Task to complete ::
Print every line from the start of the data, and when you reach the line with "What's up everybody?", include it and stop. Pictures are not part of the copy.

Data provided ::

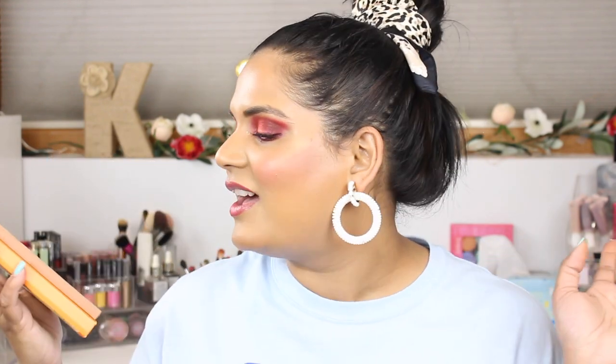Hey guys, welcome back to my channel. Today I'm filming a very exciting video — I got a new palette and of course every time we get a new palette we gotta test it out and see. I thought while I was testing it I'd go ahead and film this look. I'm actually headed to the lakes area not too far from here to hang out with some family friends, so I thought it would be fun to create a makeup look kind of Memorial Day themed.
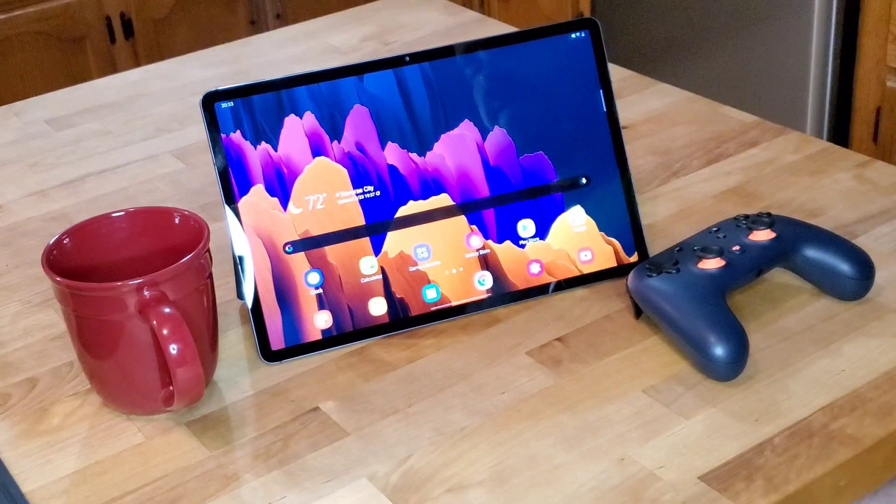What's up everybody? Cade of the Bearded Samsung Pro, and today I want to show you how you can play cloud-based gaming on your Samsung Tab S7 Plus. Now specifically, I'm going to focus in on Google Stadia.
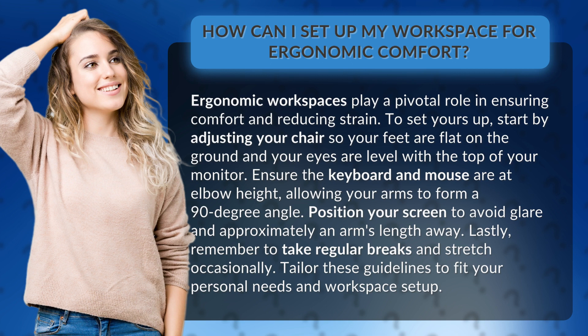Position your screen to avoid glare and approximately an arm's length away. Lastly, remember to take regular breaks and stretch occasionally. Tailor these guidelines to fit your personal needs and workspace setup.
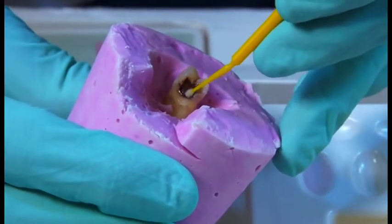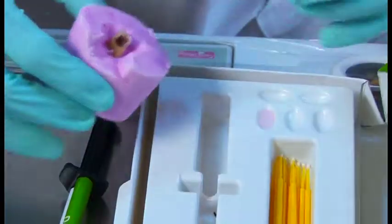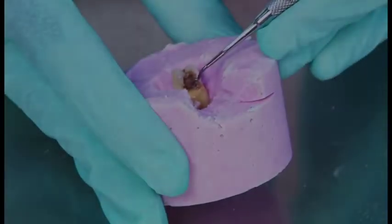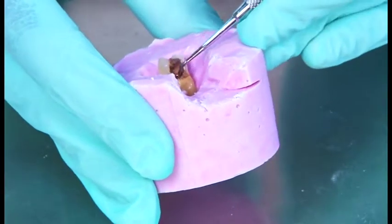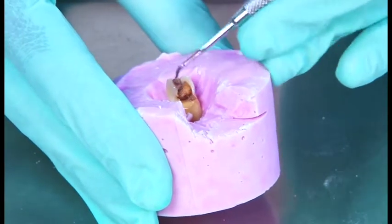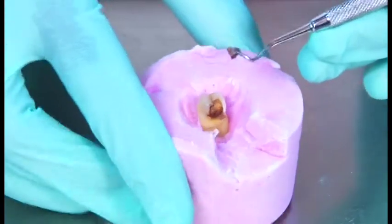2 to 3 applications into the soft caries, and leave it like this for 30 seconds. Now, all you have to do is with the excavator, scoop the soft caries. It comes off very nicely like this.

Solution below ::
Hey guys, welcome back to my channel. Today I'm filming a very exciting video — I got a new palette and of course every time we get a new palette we gotta test it out and see. I thought while I was testing it I'd go ahead and film this look. I'm actually headed to the lakes area not too far from here to hang out with some family friends, so I thought it would be fun to create a makeup look kind of Memorial Day themed.
What's up everybody? Cade of the Bearded Samsung Pro, and today I want to show you how you can play cloud-based gaming on your Samsung Tab S7 Plus. Now specifically, I'm going to focus in on Google Stadia.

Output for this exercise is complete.